**YOUR TASK**:
Restate the following data in its entirety, word for word and without images.

**DATA SEGMENT**:
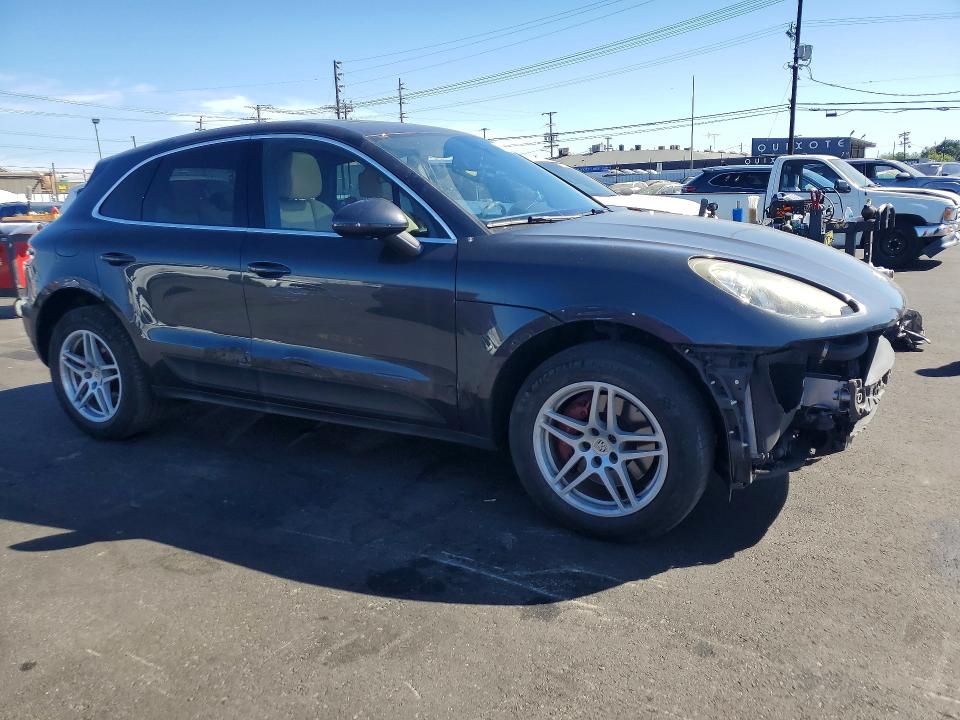 صورة رقم 4 من المزاد - 2018 PORSCHE MACAN مع VIN WP1AB2A51JLB39203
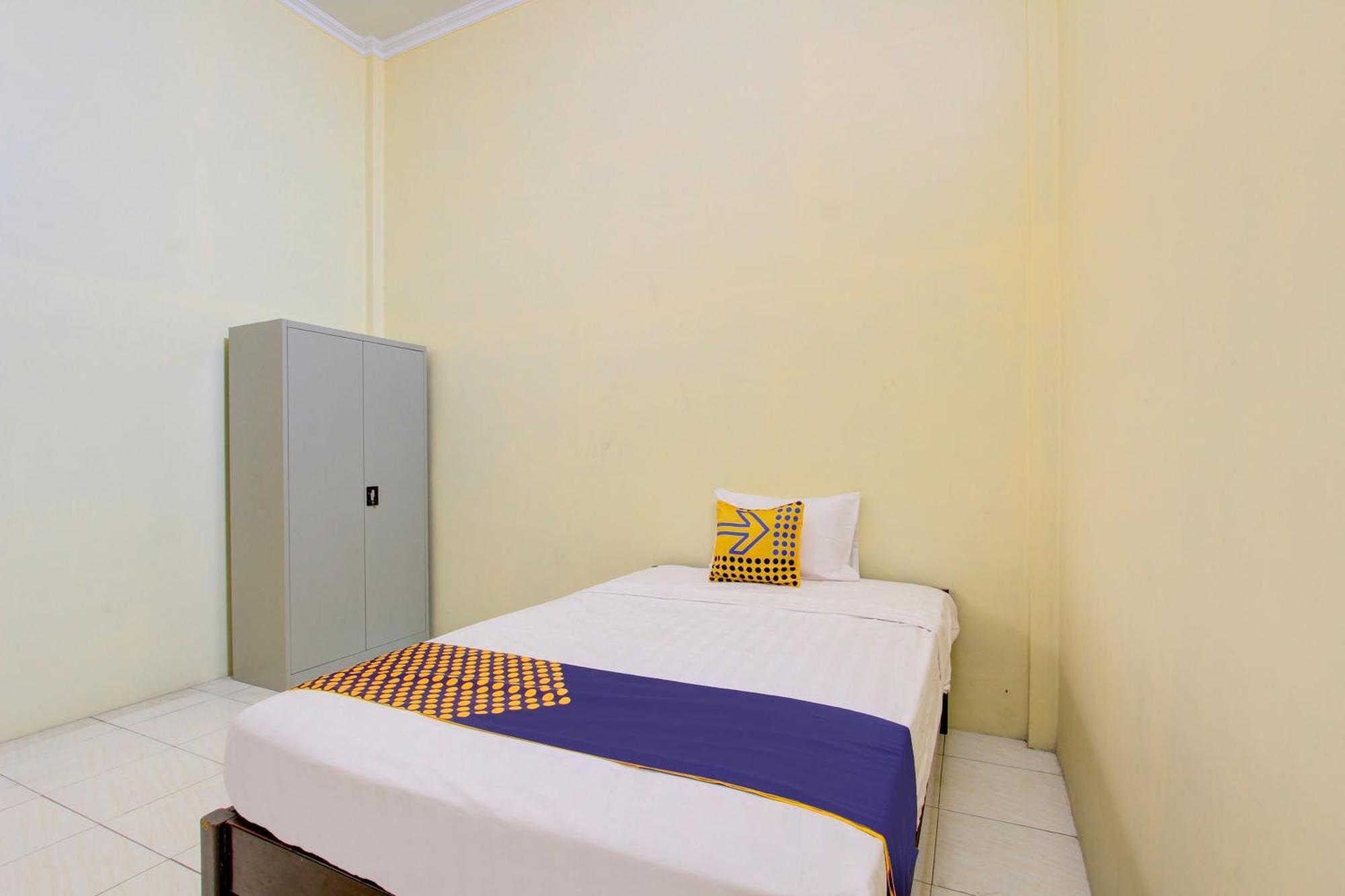 Spot On 93245 Guest House Mulia Dua Syariah Klaten Luaran gambar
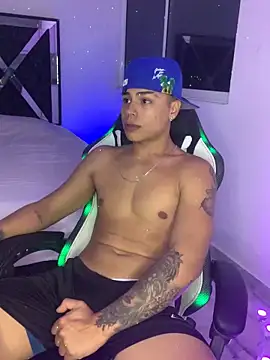 SantiagoReyesFtt online show from 12.06.24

**SOLUTION FOR THIS TASK**:
 صورة رقم 4 من المزاد - 2018 PORSCHE MACAN مع VIN WP1AB2A51JLB39203
 Spot On 93245 Guest House Mulia Dua Syariah Klaten Luaran gambar
 SantiagoReyesFtt online show from 12.06.24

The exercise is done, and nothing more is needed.